Friday, February 15, 2008

Operation Puerto 'shattered me', admits shamed Basso


Italian Ivan Basso, the sole cyclist to have been sanctioned in the initial stages of the Operation Puerto blood-doping affair, said the inquiry had left him "shattered."

Speaking after Thursday's reopening of Operation Puerto, Basso told El Pais newspaper in Madrid that the two-year ban he received had left him marooned.

"I'm in a sort of hell at the moment: alone, abandoned by everyone and working on in silence," the 30-year-old said. "I made an error, I must pay for that and come back with my head held high," he said, adding that he would try to continue cycling professionally until he was 36 or 37.

The 2006 Tour of Italy winner was suspended for two years in June 2007 by the Italian Cycling Federation for his involvement in the Puerto affair.

Dozens of other cyclists - including Spaniards Alejandro Valverde and Tour de France winner Alberto Contador - have in the past been linked to the controversy.

Operation Puerto initially erupted in May 2006 after a raid on the Madrid laboratory of Dr Eufemiano Fuentes uncovered doping products, bags of blood and codenames which appeared to link top athletes to a highly-organised system of doping via blood transfusions.

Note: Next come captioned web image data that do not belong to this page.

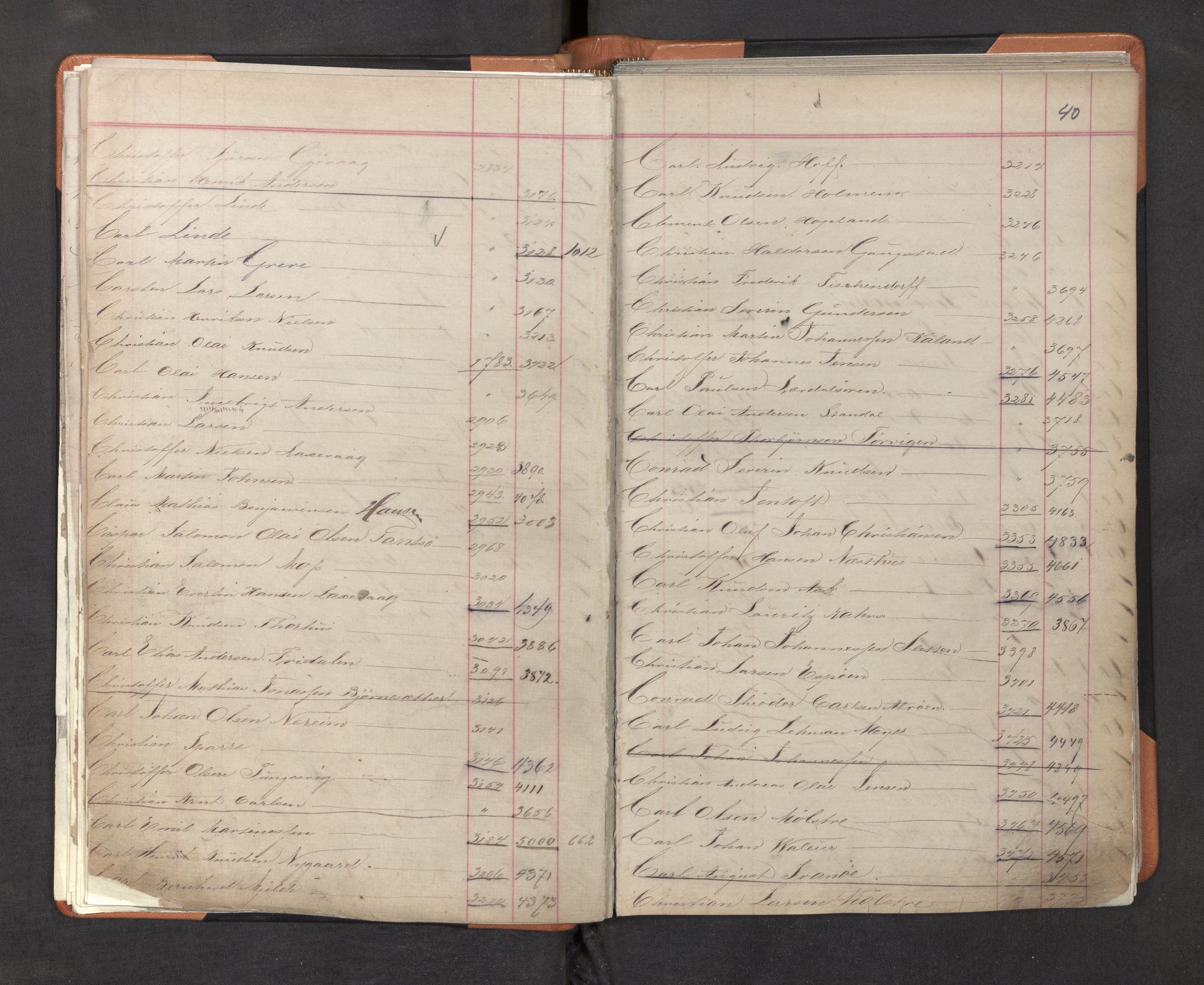 Innrulleringssjefen i Bergen, AV/SAB-A-100050/F/Fa/L0001: Register til annotasjons-hovedrulle for Bergen krets A - K, 1869-1897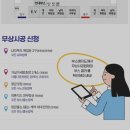 입주박람회(입주박람회 주관사 홍대INT기획)방문 후기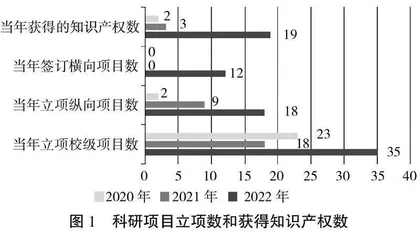 高职院校教师职称评审科研业绩条件设置探析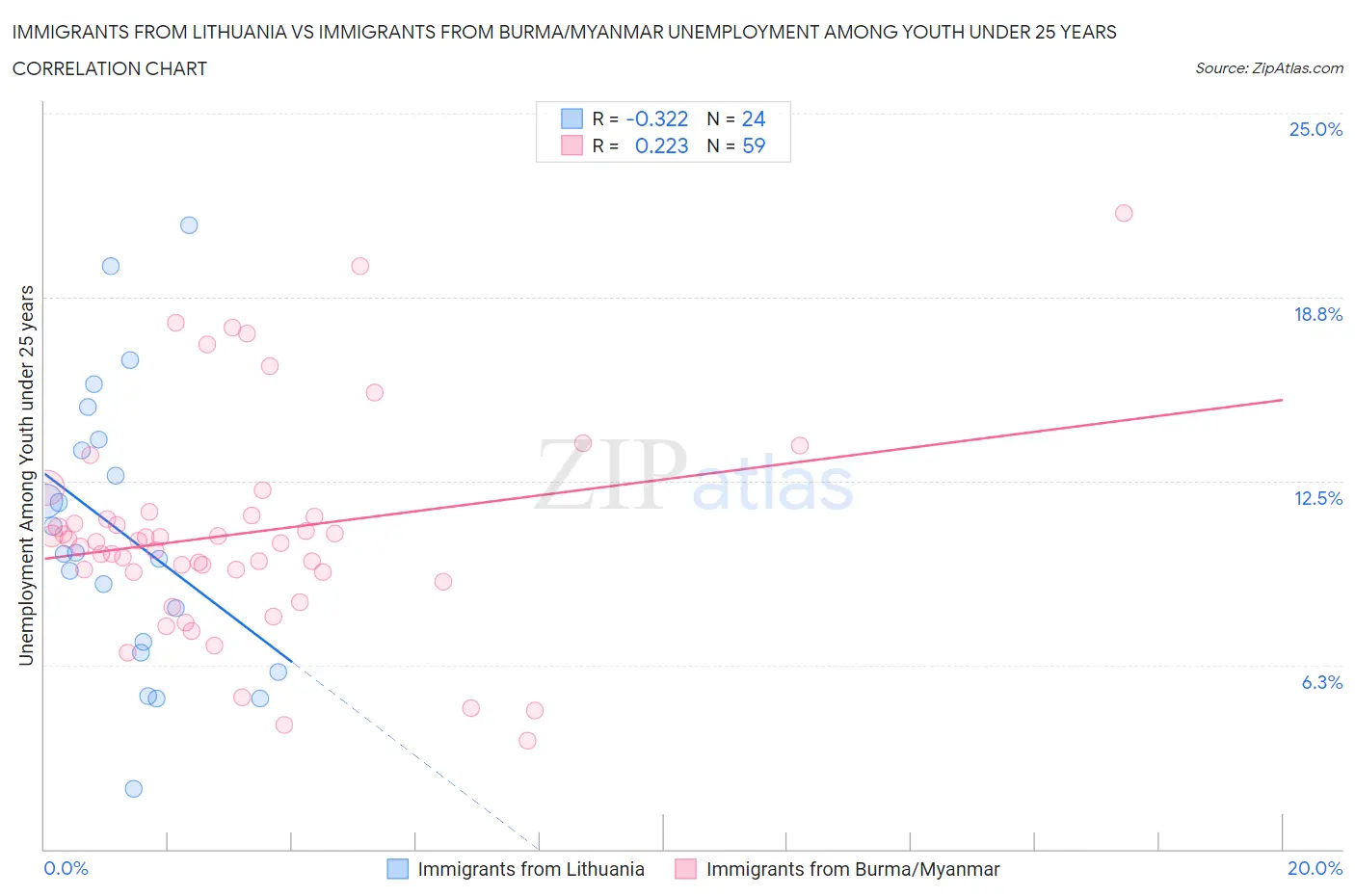 Immigrants from Lithuania vs Immigrants from Burma/Myanmar Unemployment Among Youth under 25 years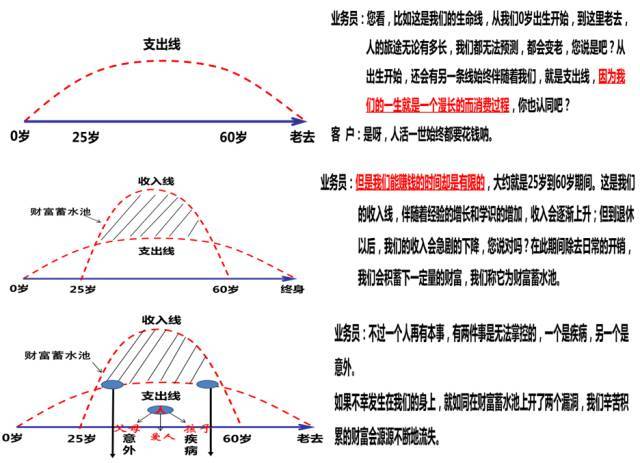  和业主聊谈修设计图「和业主聊谈修设计图的话术」-第3张图片-室内构图家装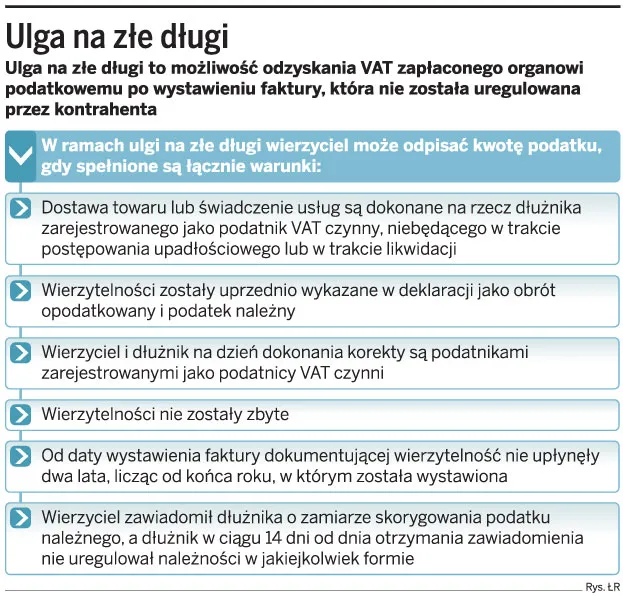 Ulga na złe długi działa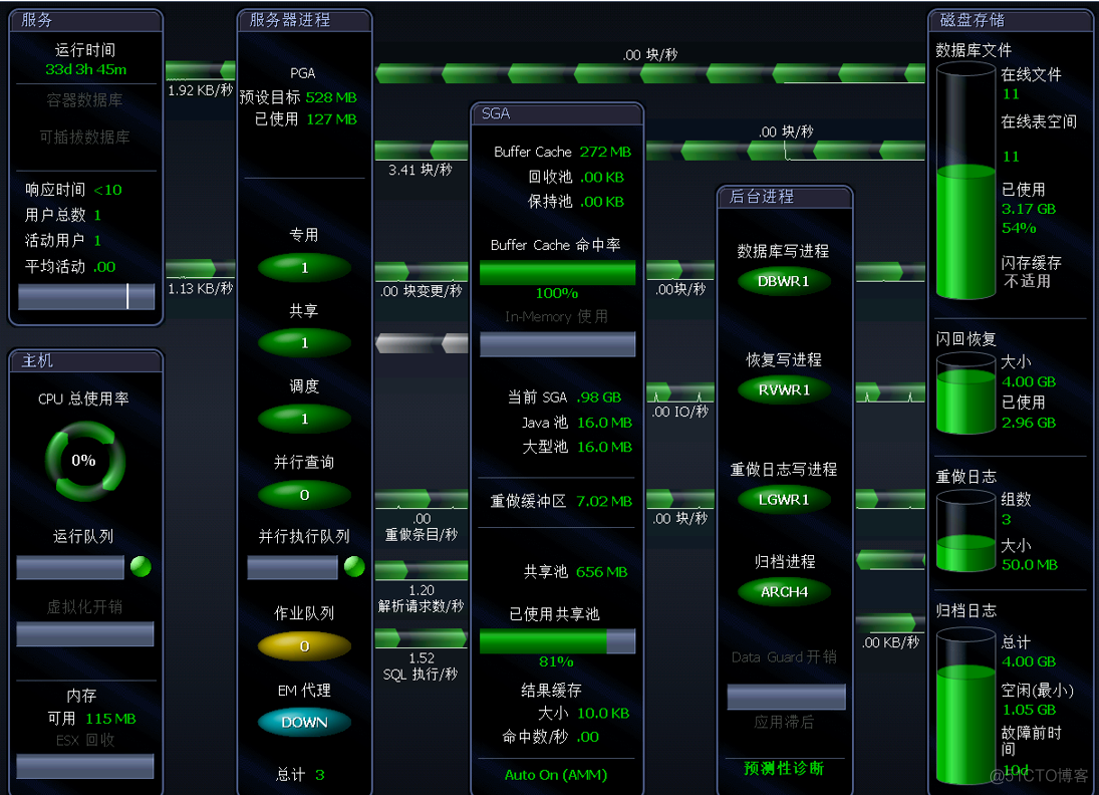 LR检验python代码 lr检验步骤_响应时间_17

But the case was closed in March 2007 because there did not exist in Spain a law which punished behaviour related to doping.

Since then, this gap in the legal system has been filled by a new law dated November 21 last year designed to protect health and fight against doping in sport.

A source linked to the Spanish government told AFP on Thursday that Madrid prosecutors claimed there could be new evidence on possible discrepancies concerning the obtaining, transport, preservation and identification of bags of blood seized during the inquiry.